**WHAT NEEDS TO BE DONE:** Look through the entries below and copy exactly the part that begins with the line containing "Autumn and Winter" and ends with the line containing "image:imageLILLUSORY Pleated Front". Do not copy the pictures.

**SOURCE RECORDS:**
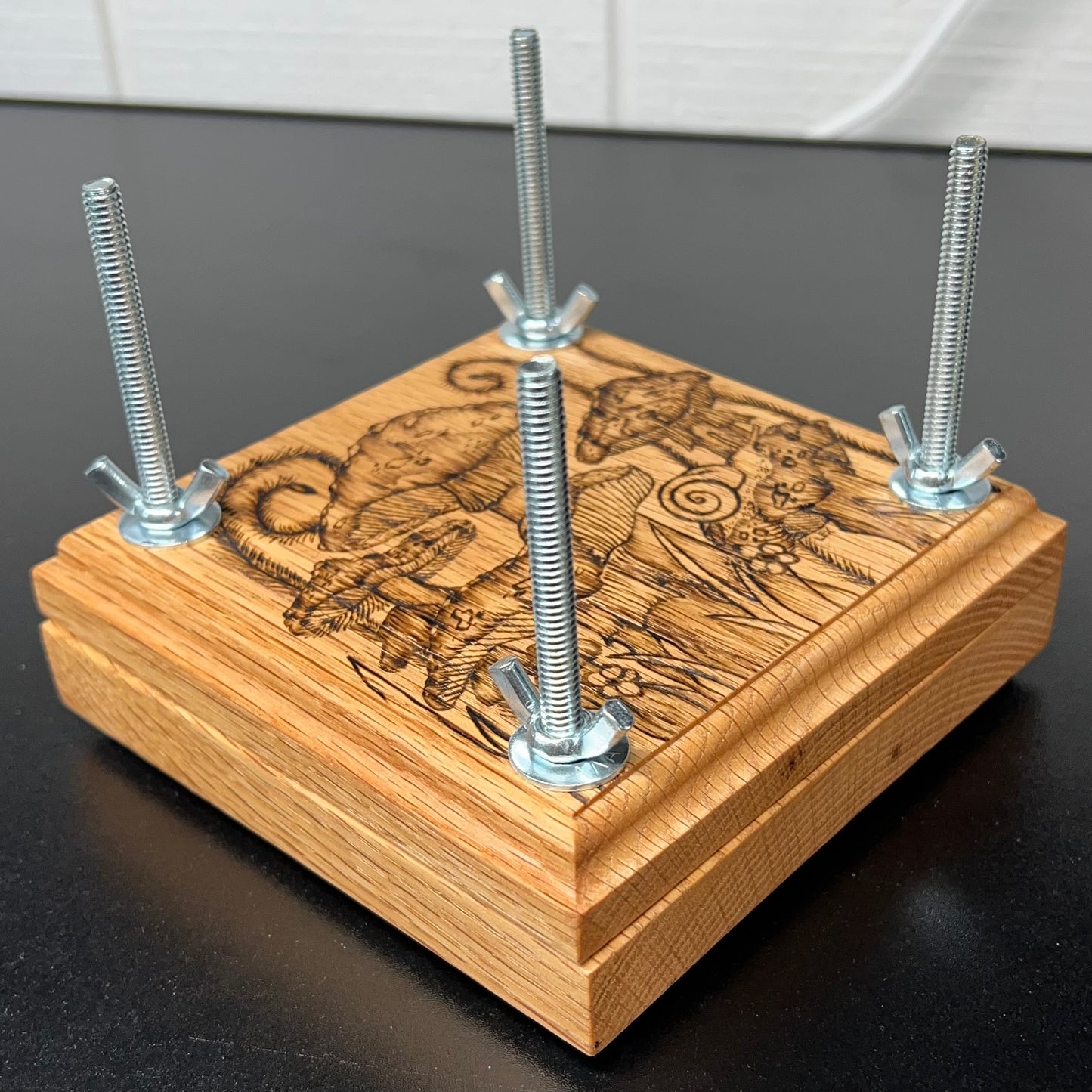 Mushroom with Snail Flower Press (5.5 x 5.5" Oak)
==
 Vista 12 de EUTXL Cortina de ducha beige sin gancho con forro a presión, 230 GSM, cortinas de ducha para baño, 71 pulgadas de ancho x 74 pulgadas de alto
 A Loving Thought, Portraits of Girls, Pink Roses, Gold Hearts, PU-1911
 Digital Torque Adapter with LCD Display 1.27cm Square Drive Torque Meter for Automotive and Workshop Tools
--
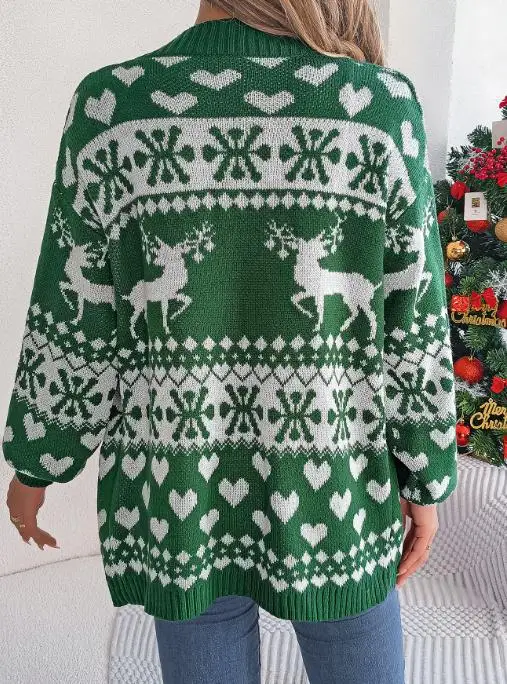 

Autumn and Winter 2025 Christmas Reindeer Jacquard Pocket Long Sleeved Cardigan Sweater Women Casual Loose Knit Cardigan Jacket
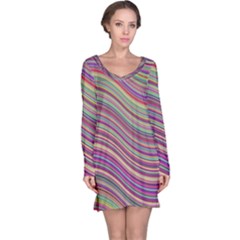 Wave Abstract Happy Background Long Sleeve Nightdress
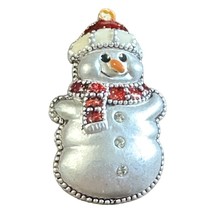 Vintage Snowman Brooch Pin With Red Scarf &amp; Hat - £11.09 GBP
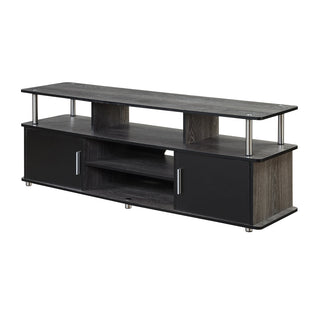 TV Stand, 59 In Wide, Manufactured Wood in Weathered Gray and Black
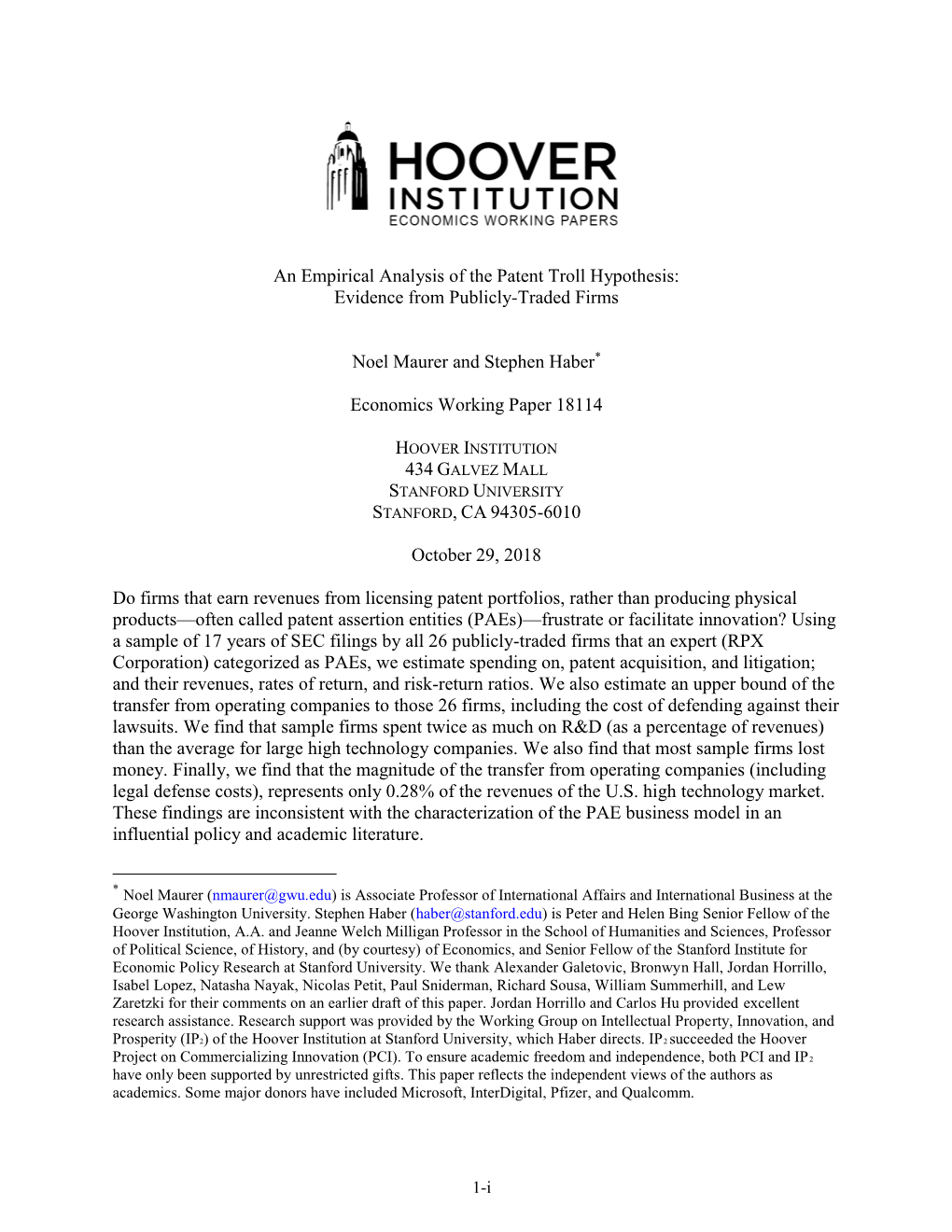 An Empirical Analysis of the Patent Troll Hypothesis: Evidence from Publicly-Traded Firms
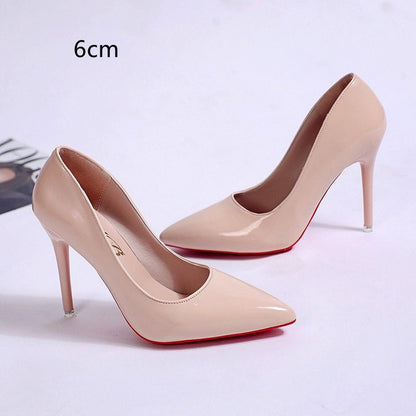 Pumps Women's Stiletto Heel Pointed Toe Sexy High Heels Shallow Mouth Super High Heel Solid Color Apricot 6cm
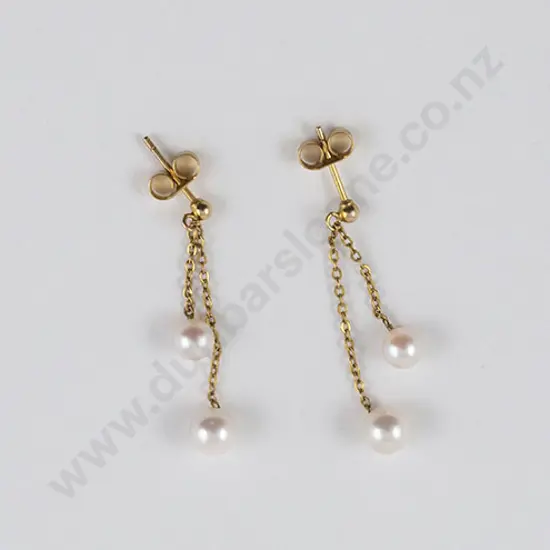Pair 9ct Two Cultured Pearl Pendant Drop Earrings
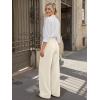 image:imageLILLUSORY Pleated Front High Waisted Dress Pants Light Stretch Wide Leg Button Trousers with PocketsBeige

**EXPECTED ANSWER:**
Autumn and Winter 2025 Christmas Reindeer Jacquard Pocket Long Sleeved Cardigan Sweater Women Casual Loose Knit Cardigan Jacket
 Wave Abstract Happy Background Long Sleeve Nightdress
 Vintage Snowman Brooch Pin With Red Scarf &amp; Hat - £11.09 GBP
 TV Stand, 59 In Wide, Manufactured Wood in Weathered Gray and Black
 An Empirical Analysis of the Patent Troll Hypothesis: Evidence from Publicly-Traded Firms
 Pumps Women's Stiletto Heel Pointed Toe Sexy High Heels Shallow Mouth Super High Heel Solid Color Apricot 6cm
Pair 9ct Two Cultured Pearl Pendant Drop Earrings
 image:imageLILLUSORY Pleated Front High Waisted Dress Pants Light Stretch Wide Leg Button Trousers with PocketsBeige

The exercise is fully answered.